How to setup Jenkins job to trigger on every push to a specific git branch

In this article, I will list out steps for a popular/mandatory automation in DevOps world. Let’s see how you can setup Jenkins job to trigger on every push to a specific git branch

Triggering a Jenkins job for every Git push is needed if you are planning to setup automated release of applications. Techies have been using  Poll SCM  for a long time, but it is proved that Poll SCM is costly and inefficient when you have plenty of jobs and git repo is huge. Let’s say “bye bye” to Poll SCM and shake your hands with  Webhooks . Yeah, you can setup git webhook to trigger Jenkins job whenever there is a change in Git repo.


Step 1: Install Git plugin in Jenkins

Jenkins doesn’t have builtin functionality to do our job. But there is a  Git  plugin which does this for us. You might have it already installed as we generally use this plugin to have Git as a build SCM. If you don’t, install Git plugin by following this article. You don’t necessarily need to tweak global settings of this plugin for this task.
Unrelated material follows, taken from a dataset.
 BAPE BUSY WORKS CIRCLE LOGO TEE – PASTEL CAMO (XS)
Step 2: Configure Jenkins Job to trigger on Push

Now just go to your Jenkins job and Click  Configure  button.

Under  Source Code Management  section,  either select  Git  or  Multiple SCMs . Then fill up your Git repo URL and Branches to Build. Note that, Jenkins job will only trigger for  changes made to the branch you specify here and  you need to specify the branch name in  refs/heads/<branch-name>  syntax.


Note: Here I am telling Jenkins to look for changes in Git branch testbranch only.
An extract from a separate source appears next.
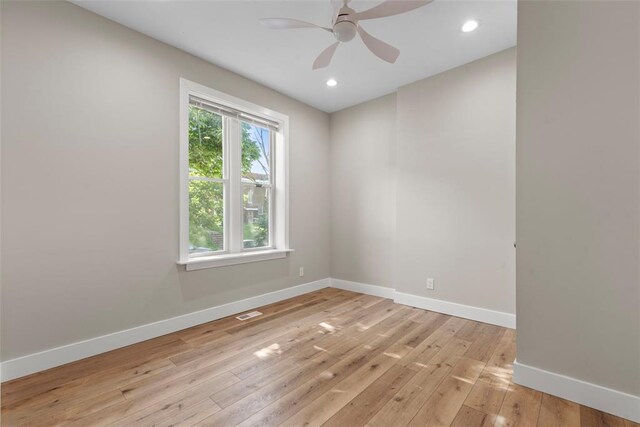 3535 Giles Ave, Saint Louis, MO 63116 - empty room with baseboards, light wood finished floors, ceiling fan, and recessed lighting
We are not done yet, scroll down to  Build Triggers  section and check box for “

Now we are done configuring at Jenkins side. Let’s go to Git side and configure a Webhook. Also explore Git plugin here >>

Step 3: Create Webhook to send Push events to Jenkins

We have configured Jenkins to trigger a build when there is a Git repo change. Now who would notify Jenkins about the changes in Git repo? for that we need to configure a Webhook at Github. A webhook is something which listens for certain events in Git repo and whenever those events happen, a HTTP POST call is made to a Payload URL. Here the payload URL should be  <Jenkins-urls>/github-webhook/  as it is associated with Git plugin. Let’s configure the webhook now.

Open your GitHub repo on the browser and under  Settings , click on  Hooks .


Now click on  Add webhook , then fill  <Jenkins-URL>/github-webhook/  as Payload URL and select Just the push event option. Then click  Add webhook  to save your webhook.


Once you add the webhook, check the Webhooks section to see whether your hook got a green tick.

If there is no green tick, means some issue with your webhook. You need to fix it to proceed further.

Now try pushing some changes to your Git branch and see which triggers your Jenkins build or not.